(Brief descriptive captions)
*** Block opens ***

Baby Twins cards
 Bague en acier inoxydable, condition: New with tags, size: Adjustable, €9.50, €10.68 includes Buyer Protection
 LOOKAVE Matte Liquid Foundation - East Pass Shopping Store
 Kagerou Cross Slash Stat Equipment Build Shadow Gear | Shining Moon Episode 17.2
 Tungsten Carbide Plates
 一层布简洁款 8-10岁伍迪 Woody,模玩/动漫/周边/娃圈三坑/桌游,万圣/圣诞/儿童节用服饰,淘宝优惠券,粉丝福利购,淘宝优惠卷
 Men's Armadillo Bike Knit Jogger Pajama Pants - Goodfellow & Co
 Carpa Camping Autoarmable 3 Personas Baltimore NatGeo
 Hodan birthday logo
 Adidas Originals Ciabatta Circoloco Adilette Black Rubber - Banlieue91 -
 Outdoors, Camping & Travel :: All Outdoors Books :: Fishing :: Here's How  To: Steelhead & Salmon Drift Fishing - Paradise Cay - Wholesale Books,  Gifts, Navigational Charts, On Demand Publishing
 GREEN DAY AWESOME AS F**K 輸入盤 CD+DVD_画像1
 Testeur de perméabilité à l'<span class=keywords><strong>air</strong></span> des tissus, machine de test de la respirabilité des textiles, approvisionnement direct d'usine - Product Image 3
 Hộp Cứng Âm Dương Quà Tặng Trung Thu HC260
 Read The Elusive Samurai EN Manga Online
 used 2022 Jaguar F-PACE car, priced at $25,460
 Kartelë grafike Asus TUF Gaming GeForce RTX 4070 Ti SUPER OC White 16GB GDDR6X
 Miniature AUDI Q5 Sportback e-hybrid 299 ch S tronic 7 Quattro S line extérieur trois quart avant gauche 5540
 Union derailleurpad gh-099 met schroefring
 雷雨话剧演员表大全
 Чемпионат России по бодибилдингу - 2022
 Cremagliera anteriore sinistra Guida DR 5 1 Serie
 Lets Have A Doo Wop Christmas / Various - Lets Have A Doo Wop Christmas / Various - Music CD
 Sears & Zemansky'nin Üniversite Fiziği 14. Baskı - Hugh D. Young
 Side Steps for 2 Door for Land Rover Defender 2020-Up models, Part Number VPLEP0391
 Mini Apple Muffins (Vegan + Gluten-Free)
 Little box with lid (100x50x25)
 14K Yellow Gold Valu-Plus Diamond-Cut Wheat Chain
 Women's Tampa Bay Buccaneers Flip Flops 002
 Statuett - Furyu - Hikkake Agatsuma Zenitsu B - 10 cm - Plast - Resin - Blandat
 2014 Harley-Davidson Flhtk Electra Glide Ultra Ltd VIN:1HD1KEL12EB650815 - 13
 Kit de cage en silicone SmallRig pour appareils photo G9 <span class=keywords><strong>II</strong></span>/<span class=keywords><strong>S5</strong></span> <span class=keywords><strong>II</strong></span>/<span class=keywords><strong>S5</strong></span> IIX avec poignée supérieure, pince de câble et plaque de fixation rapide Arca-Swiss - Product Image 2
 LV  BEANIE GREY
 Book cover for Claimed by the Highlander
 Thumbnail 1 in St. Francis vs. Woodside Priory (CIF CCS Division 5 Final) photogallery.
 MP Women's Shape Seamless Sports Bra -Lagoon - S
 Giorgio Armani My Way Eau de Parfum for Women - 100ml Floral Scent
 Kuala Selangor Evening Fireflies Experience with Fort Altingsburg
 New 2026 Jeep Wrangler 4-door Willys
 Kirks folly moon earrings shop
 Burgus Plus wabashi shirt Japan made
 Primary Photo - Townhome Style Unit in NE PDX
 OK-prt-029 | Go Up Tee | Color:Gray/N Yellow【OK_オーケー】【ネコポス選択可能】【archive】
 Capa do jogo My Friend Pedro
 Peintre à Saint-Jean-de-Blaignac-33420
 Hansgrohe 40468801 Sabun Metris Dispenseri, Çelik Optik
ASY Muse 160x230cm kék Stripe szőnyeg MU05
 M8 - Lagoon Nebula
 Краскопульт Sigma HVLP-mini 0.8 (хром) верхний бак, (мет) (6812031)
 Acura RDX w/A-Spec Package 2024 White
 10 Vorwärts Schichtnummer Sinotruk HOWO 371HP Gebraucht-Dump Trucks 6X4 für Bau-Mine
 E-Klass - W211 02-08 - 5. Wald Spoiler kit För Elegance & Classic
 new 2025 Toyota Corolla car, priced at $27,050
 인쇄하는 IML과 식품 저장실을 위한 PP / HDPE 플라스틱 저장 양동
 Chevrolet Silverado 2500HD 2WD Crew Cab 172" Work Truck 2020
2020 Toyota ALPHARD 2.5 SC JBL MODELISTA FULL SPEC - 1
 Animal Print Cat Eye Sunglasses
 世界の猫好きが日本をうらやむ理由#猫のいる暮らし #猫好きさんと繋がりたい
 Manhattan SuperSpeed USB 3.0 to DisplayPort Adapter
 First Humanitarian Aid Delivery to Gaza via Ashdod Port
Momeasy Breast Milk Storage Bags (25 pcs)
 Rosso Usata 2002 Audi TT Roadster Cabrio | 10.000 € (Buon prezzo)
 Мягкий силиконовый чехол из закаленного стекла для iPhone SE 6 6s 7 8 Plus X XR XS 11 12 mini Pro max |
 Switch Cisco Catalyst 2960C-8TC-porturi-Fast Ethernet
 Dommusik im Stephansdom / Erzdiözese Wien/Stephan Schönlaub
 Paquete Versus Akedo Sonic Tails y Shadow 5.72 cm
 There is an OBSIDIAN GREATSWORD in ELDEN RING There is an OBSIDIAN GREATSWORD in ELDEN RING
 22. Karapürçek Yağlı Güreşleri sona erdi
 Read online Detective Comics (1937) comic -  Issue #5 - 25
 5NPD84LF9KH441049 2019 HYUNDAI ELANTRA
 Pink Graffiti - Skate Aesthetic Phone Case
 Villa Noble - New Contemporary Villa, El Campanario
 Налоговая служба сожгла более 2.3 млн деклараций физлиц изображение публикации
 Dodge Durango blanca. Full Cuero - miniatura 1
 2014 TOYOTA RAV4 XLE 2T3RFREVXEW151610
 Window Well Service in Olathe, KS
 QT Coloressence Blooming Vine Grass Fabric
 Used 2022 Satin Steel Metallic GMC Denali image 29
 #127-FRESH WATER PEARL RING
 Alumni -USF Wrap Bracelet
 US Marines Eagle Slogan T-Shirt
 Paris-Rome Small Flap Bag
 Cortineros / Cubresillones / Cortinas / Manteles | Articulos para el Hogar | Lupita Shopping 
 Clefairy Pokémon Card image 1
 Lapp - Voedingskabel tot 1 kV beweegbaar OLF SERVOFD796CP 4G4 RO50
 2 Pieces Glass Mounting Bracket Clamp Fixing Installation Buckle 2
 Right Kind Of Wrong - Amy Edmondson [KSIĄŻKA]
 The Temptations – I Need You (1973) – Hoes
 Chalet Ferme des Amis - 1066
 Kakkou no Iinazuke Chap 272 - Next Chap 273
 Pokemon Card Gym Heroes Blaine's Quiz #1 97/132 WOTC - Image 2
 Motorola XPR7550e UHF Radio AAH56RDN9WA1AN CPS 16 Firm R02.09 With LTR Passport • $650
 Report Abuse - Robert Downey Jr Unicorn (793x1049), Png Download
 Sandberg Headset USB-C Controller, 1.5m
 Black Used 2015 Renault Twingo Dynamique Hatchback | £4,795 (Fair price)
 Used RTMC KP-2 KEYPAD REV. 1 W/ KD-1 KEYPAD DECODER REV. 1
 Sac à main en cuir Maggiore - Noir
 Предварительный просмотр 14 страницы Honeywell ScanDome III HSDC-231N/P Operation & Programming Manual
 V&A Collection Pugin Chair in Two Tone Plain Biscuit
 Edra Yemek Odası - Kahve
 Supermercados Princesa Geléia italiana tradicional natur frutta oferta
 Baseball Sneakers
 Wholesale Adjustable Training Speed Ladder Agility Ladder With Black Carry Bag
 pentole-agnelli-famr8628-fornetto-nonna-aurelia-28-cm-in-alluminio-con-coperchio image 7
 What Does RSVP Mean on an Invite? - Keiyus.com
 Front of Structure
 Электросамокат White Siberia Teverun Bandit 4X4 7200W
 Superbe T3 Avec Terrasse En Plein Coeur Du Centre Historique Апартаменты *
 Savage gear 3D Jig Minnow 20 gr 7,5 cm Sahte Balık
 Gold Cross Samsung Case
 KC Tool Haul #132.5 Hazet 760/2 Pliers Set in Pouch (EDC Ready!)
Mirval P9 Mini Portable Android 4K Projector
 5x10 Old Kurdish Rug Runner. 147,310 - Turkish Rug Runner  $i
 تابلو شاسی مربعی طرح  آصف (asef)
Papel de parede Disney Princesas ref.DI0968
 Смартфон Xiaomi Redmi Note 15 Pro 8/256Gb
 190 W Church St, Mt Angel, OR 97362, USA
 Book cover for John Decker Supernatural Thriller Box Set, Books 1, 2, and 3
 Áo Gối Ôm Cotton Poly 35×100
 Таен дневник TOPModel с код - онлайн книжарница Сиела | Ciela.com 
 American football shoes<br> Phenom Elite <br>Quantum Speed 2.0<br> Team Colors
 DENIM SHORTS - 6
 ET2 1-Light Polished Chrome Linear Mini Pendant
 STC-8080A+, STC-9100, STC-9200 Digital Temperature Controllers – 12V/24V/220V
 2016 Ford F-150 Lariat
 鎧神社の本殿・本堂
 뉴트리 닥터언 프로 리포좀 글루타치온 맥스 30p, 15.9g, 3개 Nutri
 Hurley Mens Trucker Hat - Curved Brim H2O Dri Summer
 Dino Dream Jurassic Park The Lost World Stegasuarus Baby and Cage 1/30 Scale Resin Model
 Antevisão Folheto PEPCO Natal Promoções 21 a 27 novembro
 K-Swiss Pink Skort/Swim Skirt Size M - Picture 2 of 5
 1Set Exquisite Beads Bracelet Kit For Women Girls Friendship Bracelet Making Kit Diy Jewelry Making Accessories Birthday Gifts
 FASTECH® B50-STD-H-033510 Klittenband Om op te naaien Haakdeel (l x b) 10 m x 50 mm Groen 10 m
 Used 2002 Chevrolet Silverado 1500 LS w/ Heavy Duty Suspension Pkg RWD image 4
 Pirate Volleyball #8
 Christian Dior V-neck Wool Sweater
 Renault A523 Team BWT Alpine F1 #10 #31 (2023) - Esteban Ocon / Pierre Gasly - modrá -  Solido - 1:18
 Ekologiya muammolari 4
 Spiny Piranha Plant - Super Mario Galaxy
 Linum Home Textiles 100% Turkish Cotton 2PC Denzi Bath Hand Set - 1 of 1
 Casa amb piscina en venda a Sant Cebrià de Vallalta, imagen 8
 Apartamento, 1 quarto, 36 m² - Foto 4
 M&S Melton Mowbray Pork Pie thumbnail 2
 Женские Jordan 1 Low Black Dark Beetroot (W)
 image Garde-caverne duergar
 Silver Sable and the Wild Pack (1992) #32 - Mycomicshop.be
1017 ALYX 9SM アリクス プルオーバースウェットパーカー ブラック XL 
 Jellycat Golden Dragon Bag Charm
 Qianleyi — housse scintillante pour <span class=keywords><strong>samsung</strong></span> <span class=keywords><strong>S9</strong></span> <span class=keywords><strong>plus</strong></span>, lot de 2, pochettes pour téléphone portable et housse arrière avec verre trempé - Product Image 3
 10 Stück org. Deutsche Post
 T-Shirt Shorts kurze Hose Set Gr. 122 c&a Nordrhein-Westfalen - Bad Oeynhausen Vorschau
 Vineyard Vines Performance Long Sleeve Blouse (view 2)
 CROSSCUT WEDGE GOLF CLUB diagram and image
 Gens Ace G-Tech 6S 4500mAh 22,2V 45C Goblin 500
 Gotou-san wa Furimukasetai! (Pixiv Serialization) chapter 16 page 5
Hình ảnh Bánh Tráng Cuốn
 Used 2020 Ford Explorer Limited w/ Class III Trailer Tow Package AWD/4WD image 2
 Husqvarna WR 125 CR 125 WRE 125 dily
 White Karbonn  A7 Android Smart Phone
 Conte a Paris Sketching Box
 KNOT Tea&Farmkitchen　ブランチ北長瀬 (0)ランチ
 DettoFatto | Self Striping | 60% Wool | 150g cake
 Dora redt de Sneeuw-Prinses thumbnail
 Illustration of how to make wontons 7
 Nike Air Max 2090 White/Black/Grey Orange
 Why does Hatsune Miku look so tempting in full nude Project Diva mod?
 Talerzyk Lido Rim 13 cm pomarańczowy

*** Block closes ***

## Work order
In the records above, locate every line with the string "priced" and copy it.

## The completed task
 used 2022 Jaguar F-PACE car, priced at $25,460
 new 2025 Toyota Corolla car, priced at $27,050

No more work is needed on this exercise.